Now, that's quite a confession, really. I mean, they brought in a new CEO in 2015 who had seen what was going to happen and was moving to pivot the company away from coal. And they sacked him! And their share price has since tanked. And now they're announcing new renewables ventures and they're pretending all of this was a surprise?

 

BETH:
Mike, this is all pretty incredible. We had a massive company willing to invest in renewables, but then they abandoned that after political pressure from the government. What does this tell us about the future of energy policy in Australia? That perhaps it doesn't matter what the economic realities are, it's all overridden by political priorities of the Coalition anyway? 

 

MIKE:
Well, yes and no. I mean by the federal Coalition, yes, there's still a big obstacle. But, you know, the New South Wales liberal government is moving quite rapidly to make it easier for renewables. So are a number of the other states.
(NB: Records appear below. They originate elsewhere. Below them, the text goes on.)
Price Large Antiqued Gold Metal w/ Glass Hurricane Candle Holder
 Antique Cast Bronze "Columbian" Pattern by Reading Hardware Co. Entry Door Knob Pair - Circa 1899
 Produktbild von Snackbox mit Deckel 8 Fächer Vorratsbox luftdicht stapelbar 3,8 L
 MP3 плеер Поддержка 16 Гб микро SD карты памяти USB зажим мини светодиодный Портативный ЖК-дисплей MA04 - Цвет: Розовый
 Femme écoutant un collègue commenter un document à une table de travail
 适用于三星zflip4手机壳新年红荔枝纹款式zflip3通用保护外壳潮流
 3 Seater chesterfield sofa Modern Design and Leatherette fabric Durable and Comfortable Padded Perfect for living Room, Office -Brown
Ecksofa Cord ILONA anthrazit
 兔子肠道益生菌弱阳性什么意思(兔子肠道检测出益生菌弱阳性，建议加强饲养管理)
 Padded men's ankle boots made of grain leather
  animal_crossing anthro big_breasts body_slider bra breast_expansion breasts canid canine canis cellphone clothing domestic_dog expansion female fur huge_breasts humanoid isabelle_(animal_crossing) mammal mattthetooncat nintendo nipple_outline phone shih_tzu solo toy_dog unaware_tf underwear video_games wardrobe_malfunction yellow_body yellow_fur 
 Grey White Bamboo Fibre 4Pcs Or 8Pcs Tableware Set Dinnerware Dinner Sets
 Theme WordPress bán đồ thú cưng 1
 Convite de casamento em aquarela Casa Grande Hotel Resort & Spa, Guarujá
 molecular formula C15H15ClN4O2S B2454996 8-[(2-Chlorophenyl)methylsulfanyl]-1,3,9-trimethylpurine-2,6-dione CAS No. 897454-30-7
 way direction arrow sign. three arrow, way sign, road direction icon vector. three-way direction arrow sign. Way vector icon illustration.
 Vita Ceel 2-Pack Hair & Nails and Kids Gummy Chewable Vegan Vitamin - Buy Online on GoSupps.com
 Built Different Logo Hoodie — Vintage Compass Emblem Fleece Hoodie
Nonetheless, it leaves corporate Australia sort of stuck between a rock and a hard place, between the federal government on the one hand and the states and particularly global investors on the other.

 

Across the rest of the developed world. Most coal generators are slated to be shut by 2030, which is when the International Energy Agency says we should be out of thermal coal if there's to be any hope of meeting the target of keeping global warming to 1.5 degrees. 

 

MIKE:
So it's very difficult for the companies and particularly so for AGL, which is probably the most exposed of all the energy generators in Australia simply because it has this legacy load of so much coal fired power.


To parrot Josh Frydenberg, boards are ultimately responsible, but there's no doubt that AGL was under enormous political pressure and that the changes that Vesey had in mind were substantially kiboshed by political intervention. 

 

BETH:
Mike thanks so much for your time.

 

MIKE:
Thank you very much for having me. 

[Advertisement]

[Theme Music Starts]

BETH:
Also in the news today..

Archival tape -- [Lygon Street Crowds Cheering]

 

BETH:
There were joyful scenes across Australia yesterday, as supporters of the Italian national soccer team turned out in droves to celebrate the country’s victory in the European Championship.

Archival tape -- Lygon Street Crowds:

“Italia! Italia!” 

BETH:
Lygon Street in Melbourne was packed with thousands of fans cheering Italy’s win over England, which came down to a penalty shootout.

  
Archival tape -- [
Lygon Street Crowds Cheering]

 

BETH:
And in New South Wales, Premier Gladys Berejiklian in a press conference on Monday was unable to say when Greater Sydney’s extended lockdown would end.

The state recorded 112 new cases yesterday, the highest daily total yet in the current outbreak.

 

I’m Beth Atkinson-Quinton, this is 7am. I’ll see ya tomorrow.